Une magnifique fille s'est assise en face de moi dans le métro. La rame est presque vide, un vieux monsieur noir se tient la tête entre les mains, tandis que son voisin, le même en plus jeune, lit la page économie du Monde. La jeune femme observe les stations qui défilent devant ses yeux, les gens qui entrent dans le wagon, ceux qui en sortent, la publicité plaquée au fond du wagon pour apprendre rapidement l'anglais (satisfait ou remboursé, 95% de réussite), la carte des lignes métro sur sa droite, ses chaussures, l'intérieur de son sac, la poignée de la porte, ses ongles, la couverture de son livre de poche, ses textos en attente sur son téléphone. Elle observe tout et tout le monde, sauf moi ! Dans son esprit, je n'existe pas car j'ai l'affront de la mater. Oui, je ne suis pas vraiment discret, et j'aimerais qu'elle me montre, d'un simple regard, qu'elle a remarqué que je suis là, bien vivant. J'ai l'impression d'être un fantôme errant dans le métro, à la recherche d'un peu d'humanité. Plus je la fixe, et plus elle m'évite. Son manteau blanc crème, son léger maquillage et ses cheveux parfaitement coiffées lui donnent une allure d'actrice des années 60, elle est belle et elle le sait.

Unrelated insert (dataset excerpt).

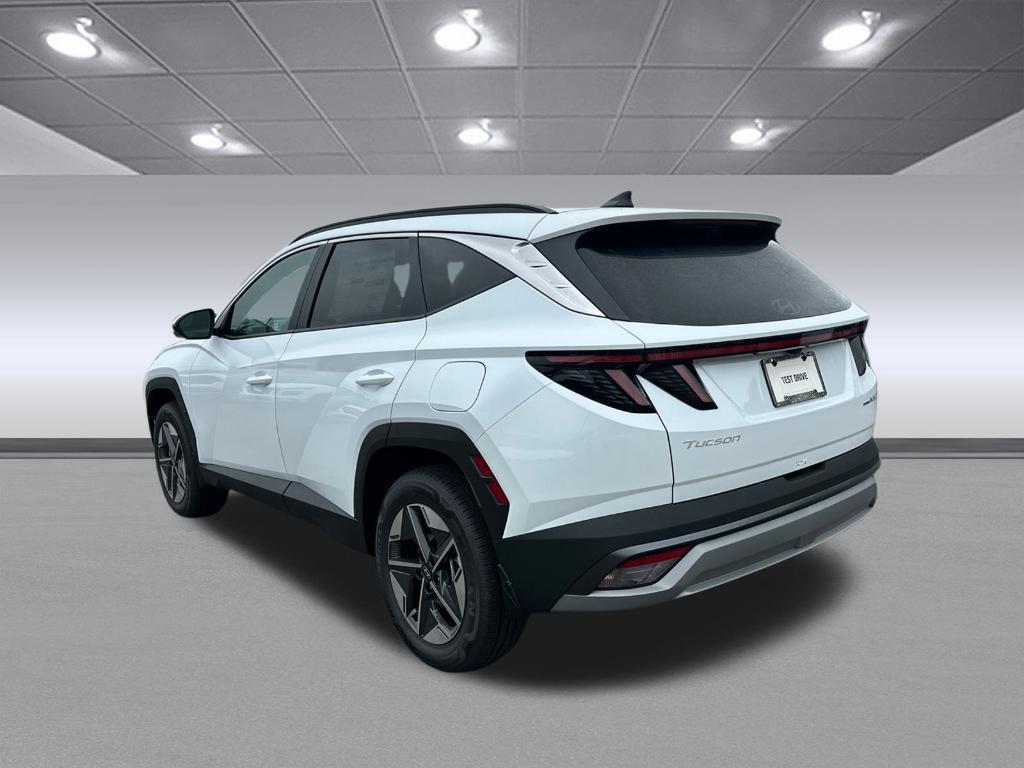 new 2025 Hyundai TUCSON Hybrid car, priced at $38,556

Dans sa tête, ça ne lui viendrait pas à l'idée de se "rabaisser" et de me donner un peu de bonheur, un peu d'espoir, en ne se forçant plus à m'ignorer : "je le sais déjà que l'on ne joue pas dans la même catégorie, tu n'as pas besoin de me le montrer, pétasse !", pensais-je très fort.
Elle quitte le wagon à toute vitesse, me laissant désormais entièrement seul, avec comme unique compagnon de voyage ma haine envers les filles qui ne seront jamais à mes pieds.